Credit rating agency Fitch has upgraded BBVA’s senior preferred debt long-term rating by one notch to A from A-. Fitch has also affirmed the Group’s long-term Issuer Default Rating at A- with a negative outlook, thanks to the strength of the bank in Spain and the resilience of its Mexican franchise.
“The ratings reflect BBVA’s solid retail franchise in its main markets in Spain, the U.S., Mexico, Turkey and a number of South American countries, resilient earnings generation capacity, improved asset quality and satisfactory capitalization and funding and liquidity profile,” according to the agency’s press release. Fitch also underscores that the ratings take into account BBVA’s track record operating in emerging markets (more volatile) and its Multiple Point of Entry (MPE) model, with self-sustaining franchises in terms of capital and liquidity.
In upgrading the senior preferred debt long-term rating to A, Fitch has factored in the Group’s loss-absorbing capital buffers, such as senior non preferred debt, which are considered to be sufficient to “materially” reduce the risk of default of the bank’s senior preferred debt.
Fitch underscores the resilience shown by the bank in Mexico, despite the country’s economic slowdown
Also, Fitch has affirmed the Group’s long-term Issuer Default Rating at A-, with a negative outlook, as it considers that the uncertainty in Turkey would be offset by higher profits in other core markets. Specifically, the agency expects Spain’s profitability to improve, driven by a number of factors, including lower credit provisions and the operating cost-containment efforts.
Additionally, the rating agency considers that the U.S. franchise’s positive contribution to the Group’s earnings will continue, and underscores the resilience shown by the bank in Mexico, despite the country’s economic slowdown.

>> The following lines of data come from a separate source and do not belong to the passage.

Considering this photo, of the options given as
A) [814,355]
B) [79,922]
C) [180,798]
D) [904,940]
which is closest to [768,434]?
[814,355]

Fitch’s decision arrives just a few weeks after Moody’s affirmed BBVA’s rating (A3) with a stable outlook. In its press release, Moody’s highlighted “the Group’s leading market positions in several major and relatively uncorrelated markets that result into a widely diversified balance sheet. This underpins BBVA’s low earnings volatility and the bank’s proven sustained internal capital generation even in times of stress”.